▶ **How to complete this task**
Beginning at the line containing "Load image into", give again every line through the end of the data, unchanged and with both ends included. Drop any pictures.
═════ Material shown
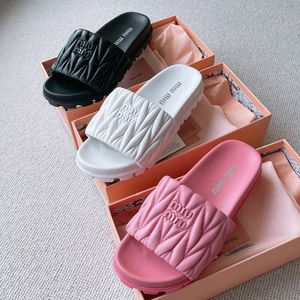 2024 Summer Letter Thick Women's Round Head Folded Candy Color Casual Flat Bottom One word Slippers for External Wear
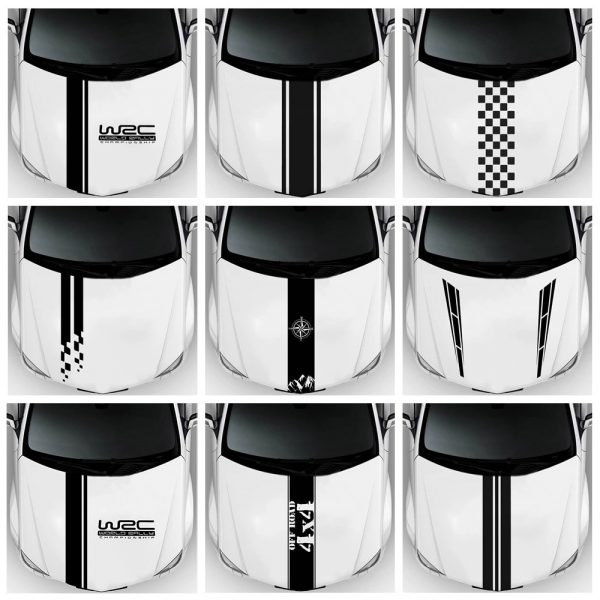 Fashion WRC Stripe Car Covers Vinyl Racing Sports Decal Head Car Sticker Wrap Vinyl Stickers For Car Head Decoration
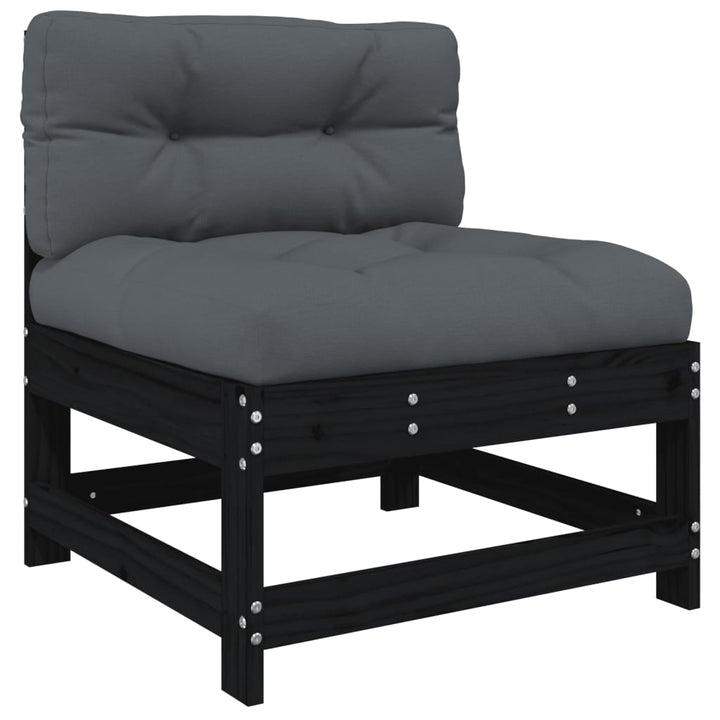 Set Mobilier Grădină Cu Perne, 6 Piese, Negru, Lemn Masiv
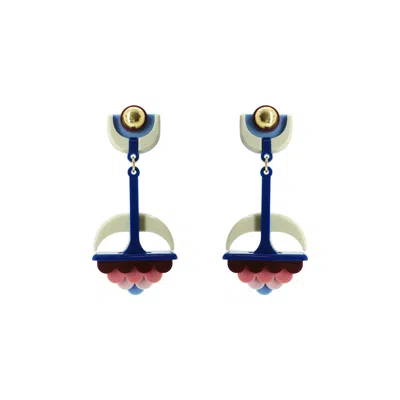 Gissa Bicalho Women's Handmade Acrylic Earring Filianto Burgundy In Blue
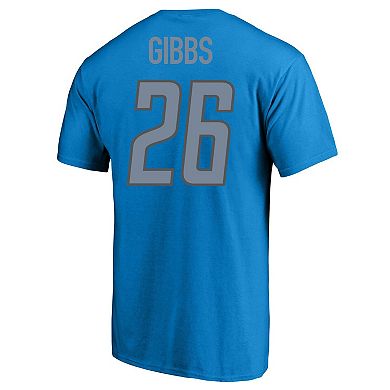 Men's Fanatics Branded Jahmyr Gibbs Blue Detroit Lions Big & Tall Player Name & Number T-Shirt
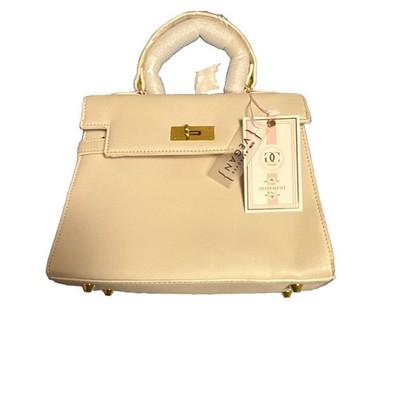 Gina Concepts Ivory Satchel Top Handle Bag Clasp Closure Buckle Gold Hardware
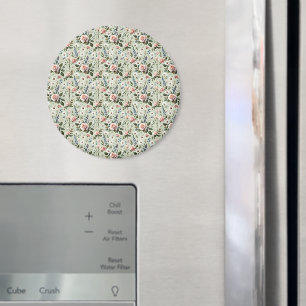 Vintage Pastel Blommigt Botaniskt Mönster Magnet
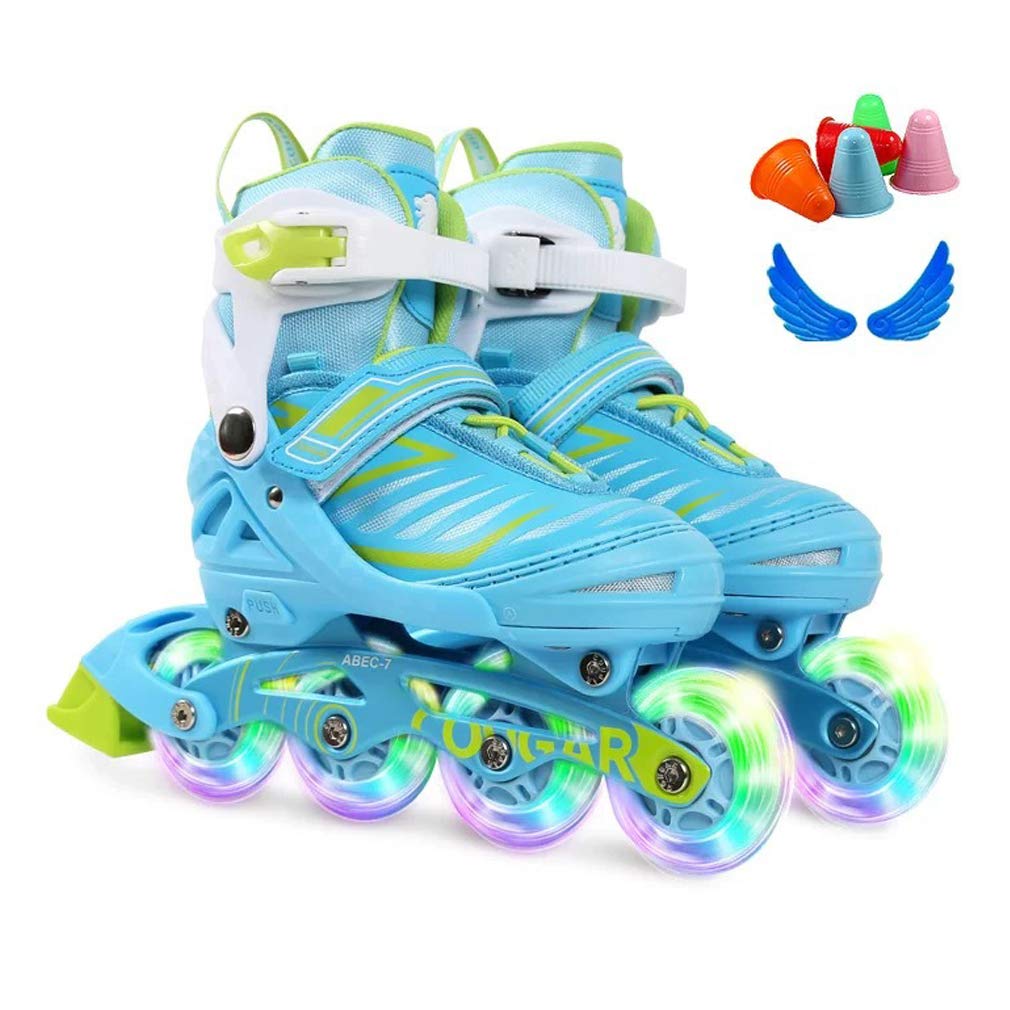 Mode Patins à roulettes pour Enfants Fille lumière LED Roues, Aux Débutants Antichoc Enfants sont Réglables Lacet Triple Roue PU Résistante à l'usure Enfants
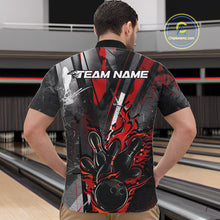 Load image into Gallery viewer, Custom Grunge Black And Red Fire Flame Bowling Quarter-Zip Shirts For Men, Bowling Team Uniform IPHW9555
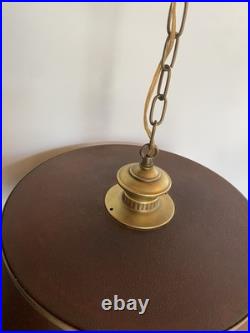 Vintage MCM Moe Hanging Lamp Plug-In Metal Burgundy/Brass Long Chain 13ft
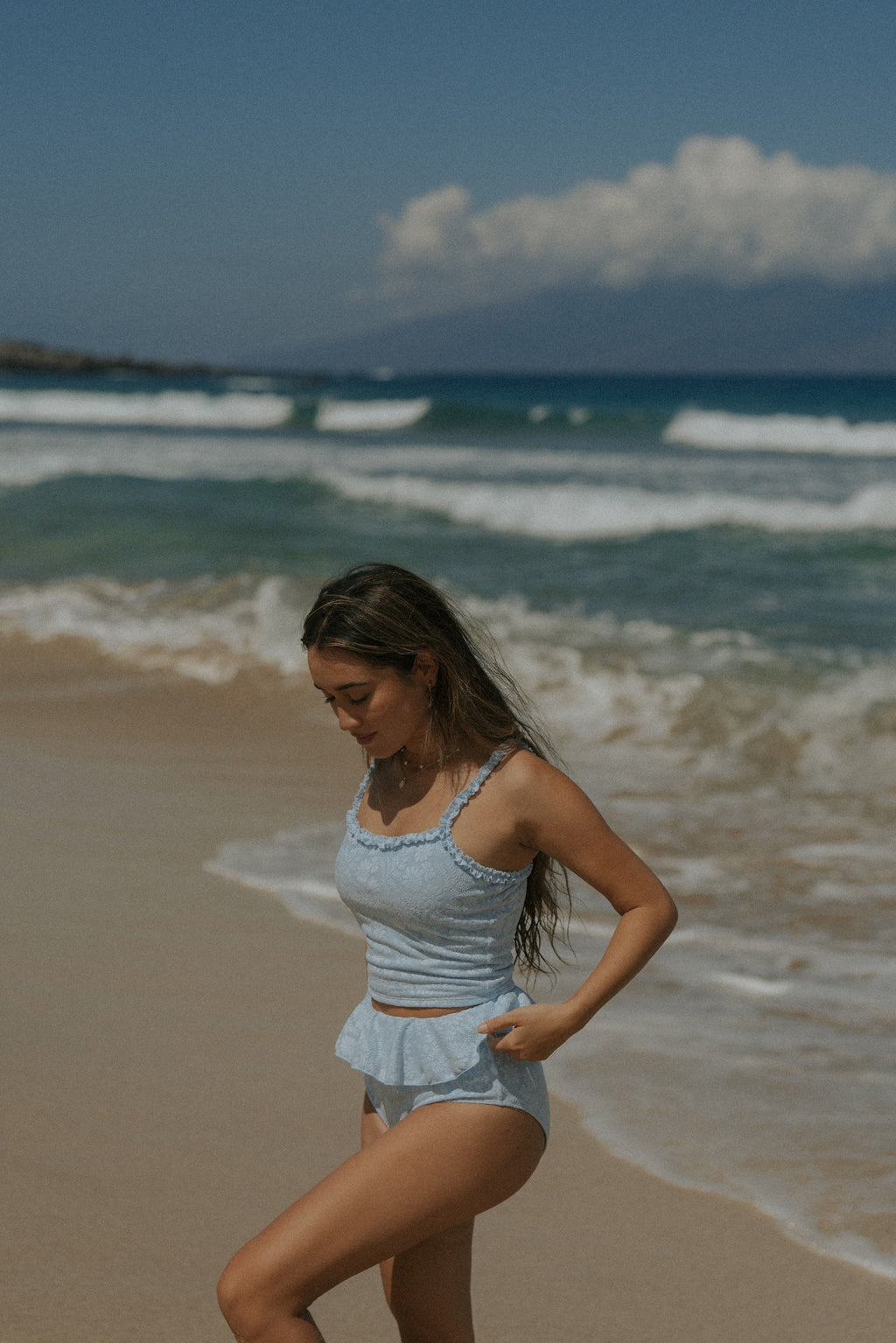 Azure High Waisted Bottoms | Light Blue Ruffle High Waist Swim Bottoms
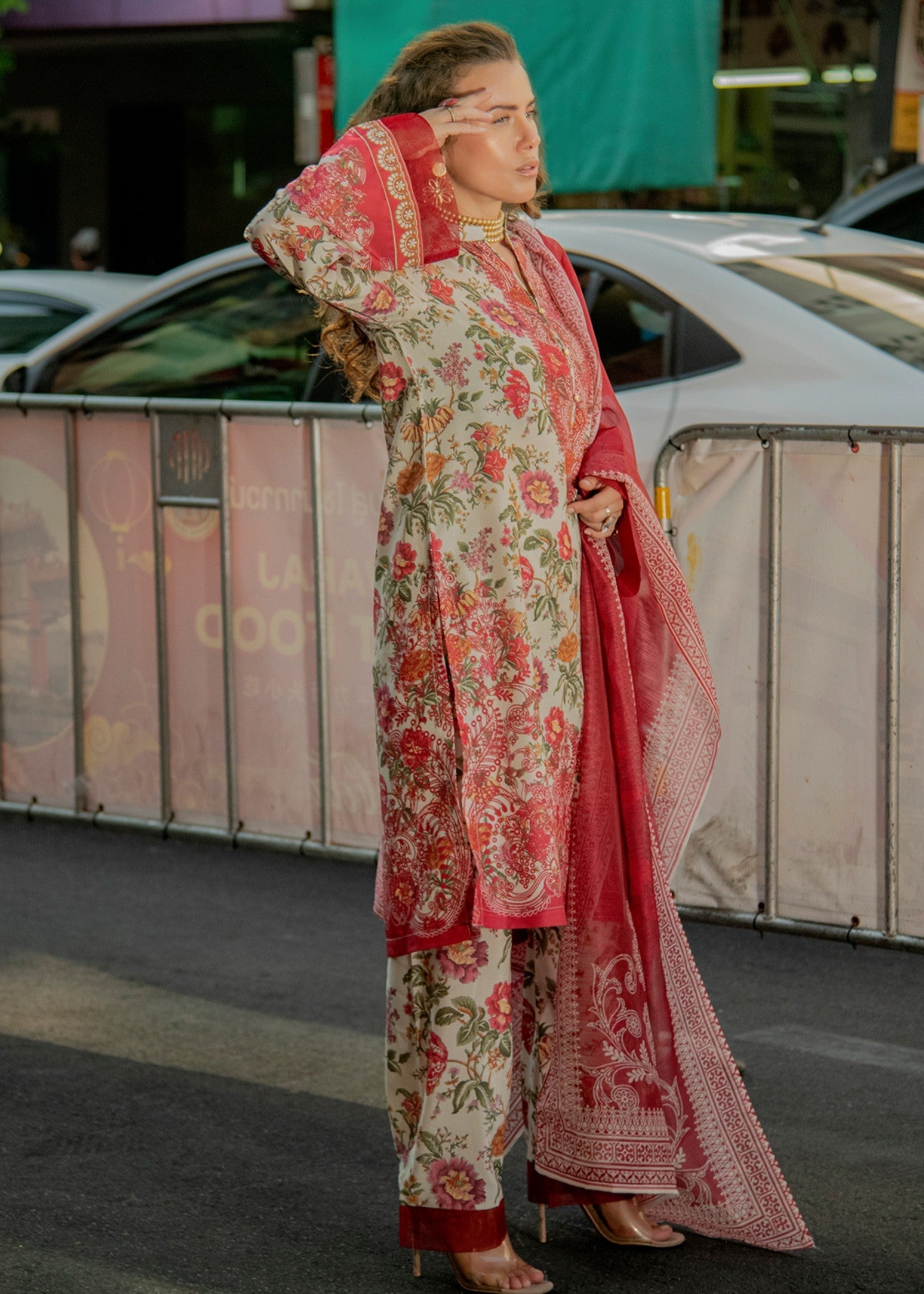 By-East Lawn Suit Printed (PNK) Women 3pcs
══════════
▶ **Exercise result**
 Load image into Gallery viewer, Custom Grunge Black And Red Fire Flame Bowling Quarter-Zip Shirts For Men, Bowling Team Uniform IPHW9555
 Vintage MCM Moe Hanging Lamp Plug-In Metal Burgundy/Brass Long Chain 13ft
 Azure High Waisted Bottoms | Light Blue Ruffle High Waist Swim Bottoms
 By-East Lawn Suit Printed (PNK) Women 3pcs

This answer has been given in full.